I’ve gotten a few questions about doing trajectory analysis, so I figured I would come out and make my opinion pretty clear — I don’t think such trajectories exist. Part of the motivation in my paper to estimate the trajectories in Albany was to replicate Weisburd’s work in Seattle. (Andresen et al. (2016) give the same reasoning for their currently cited article — at least to stick with the k-means clustering procedure anyway.) But that does not mean I think distinct groups of trajectories exist. I tried to sneak this in wherever possible in my JQC article, but if you just quickly skimmed it you might not have that impression.
For an ugly image I generated but did not make the paper, here is my reasoning that discrete trajectories do not exist:
You can see that each individual grouping (unique colors) basically overlaps with each other. This solution passes all the usual model based criteria for trajectory groups, and each individual line tends to have a very high posterior probability of assignment to its respective group. Despite this there is essentially no separation between the groups – they all just blend into one another. If people plotted the individual trajectories this would be more obvious in other work, but people almost always solely plot the predicted trajectories.

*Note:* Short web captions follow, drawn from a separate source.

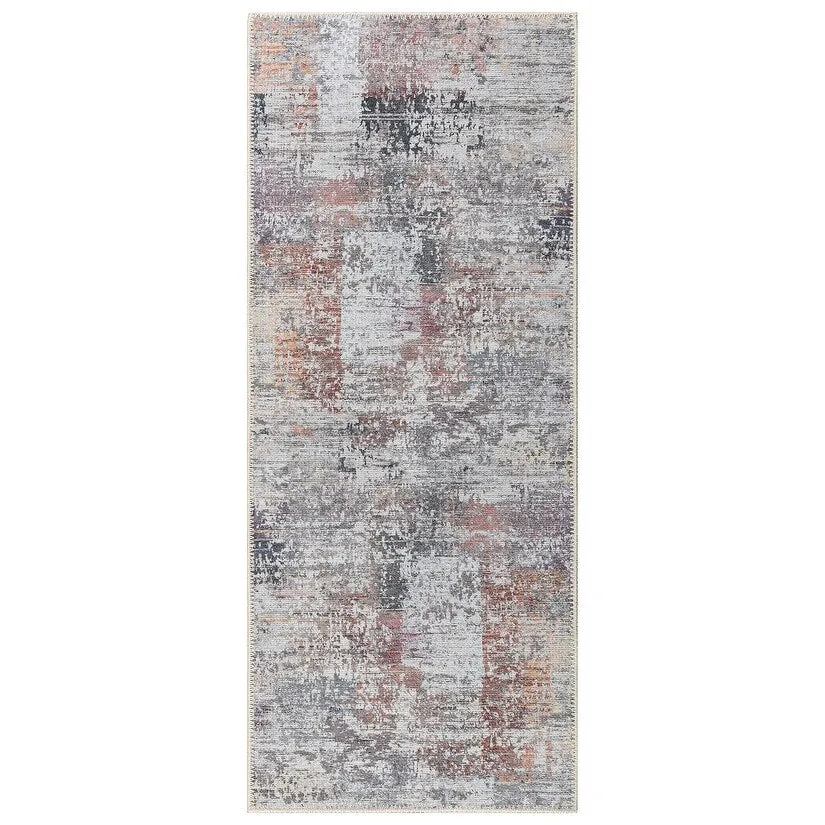GAD - Machine Washable - Spatter Transitional Print Area Rug - 5'3 X 7'6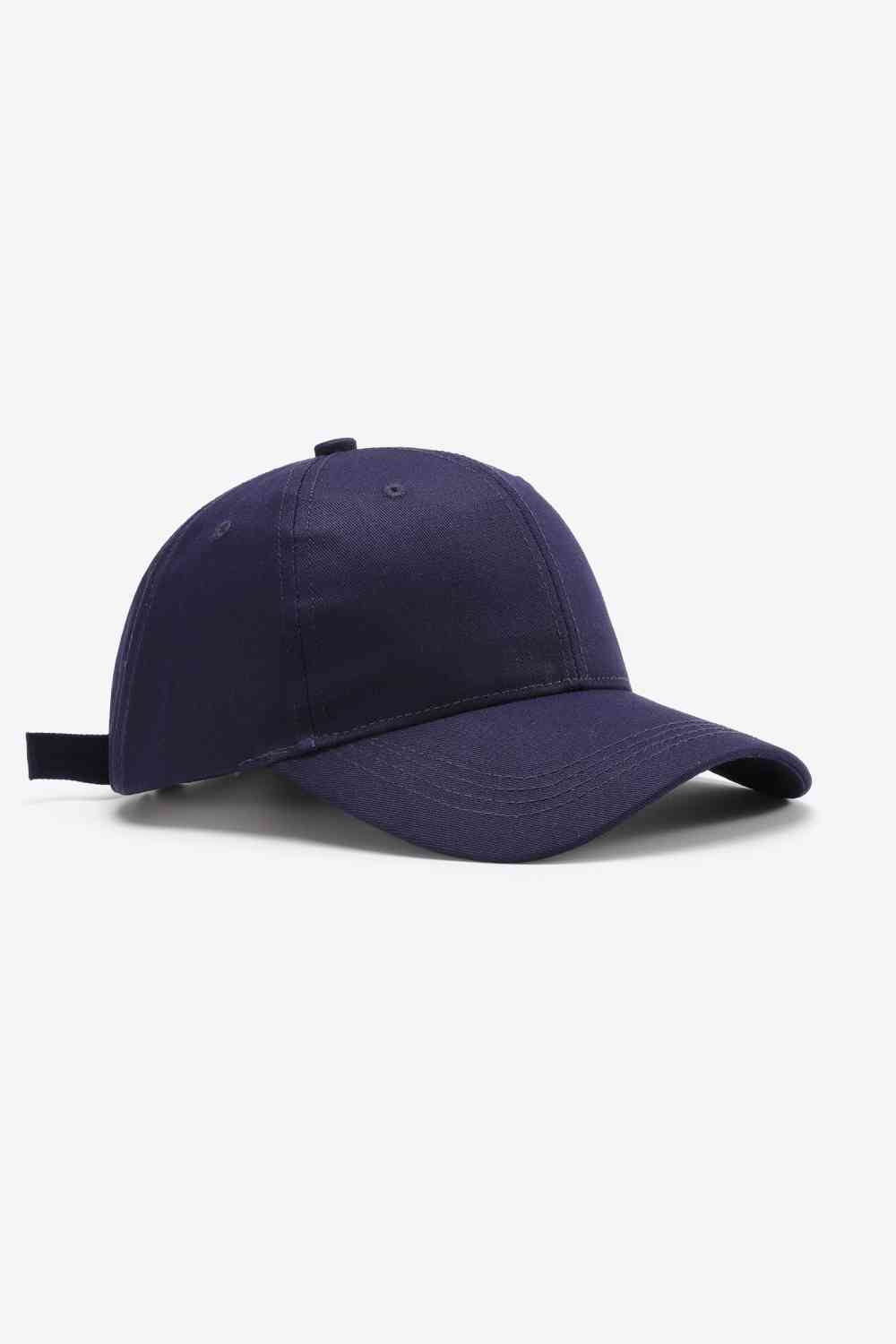 Plain Adjustable Cotton Baseball Cap - TRENDMELO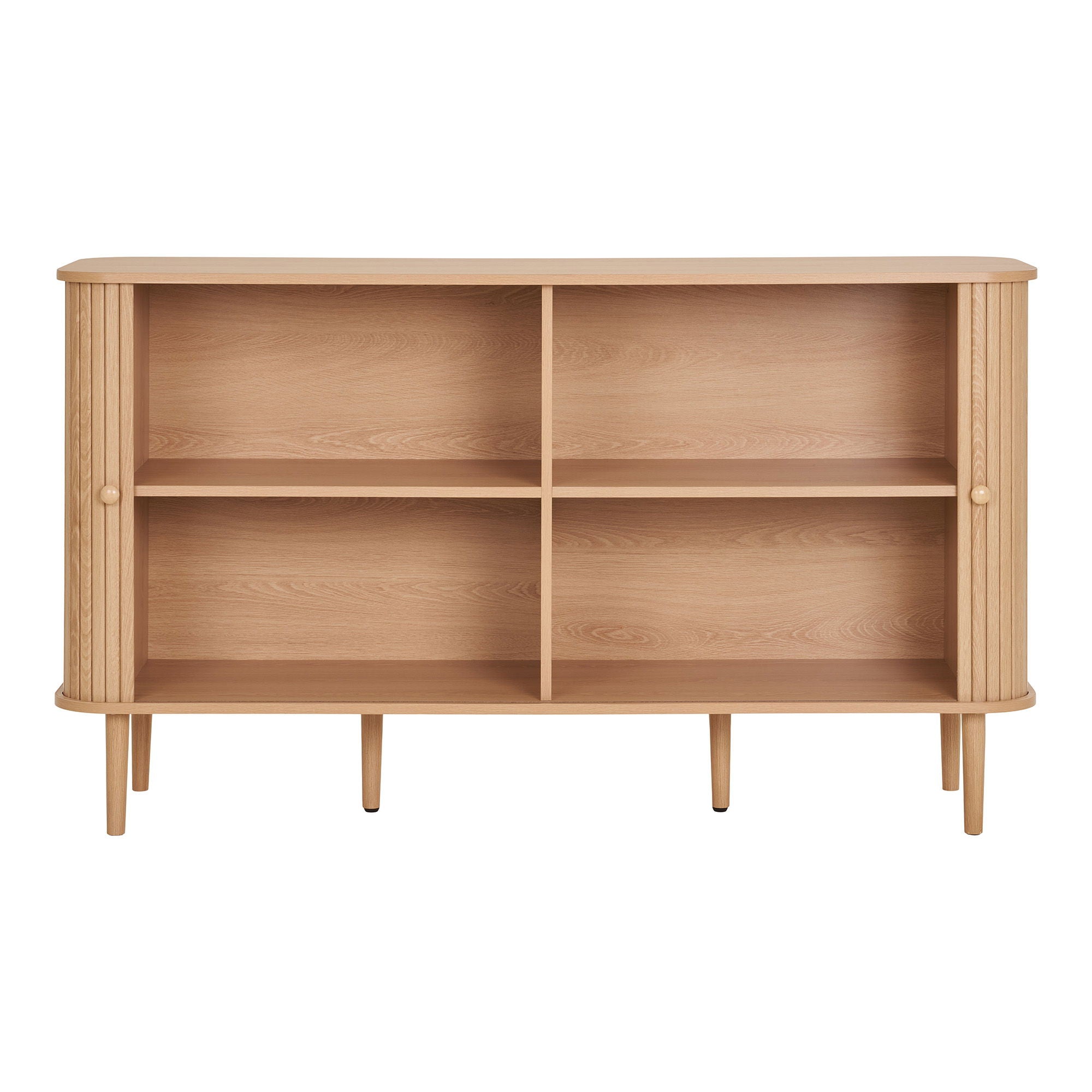 Sideboard, 2 doors, nature<br>140x40x79 cm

Now, although I’m pretty sure that the clusters are not real (at least in the data I have seen) that does not mean that I don’t think they can be useful. Longitudinal data can be complicated, and clustering trajectories are a simple procedure to make sense of it. For a good example of its utility, Weisburd et al., (2015) used it to assign blocks for a randomized experiment. This is a slightly more robust way than ranking based some prior time interval (in that it might out some weird trajectory groups that simple averaging would not).
I believe it is similar in utility to creating hot spot polygons or maps of kernel density estimates. They can illuminate the patterns the messy data, but the hot spot the computer spits out is not a real entity – it is something we arbitrarily created.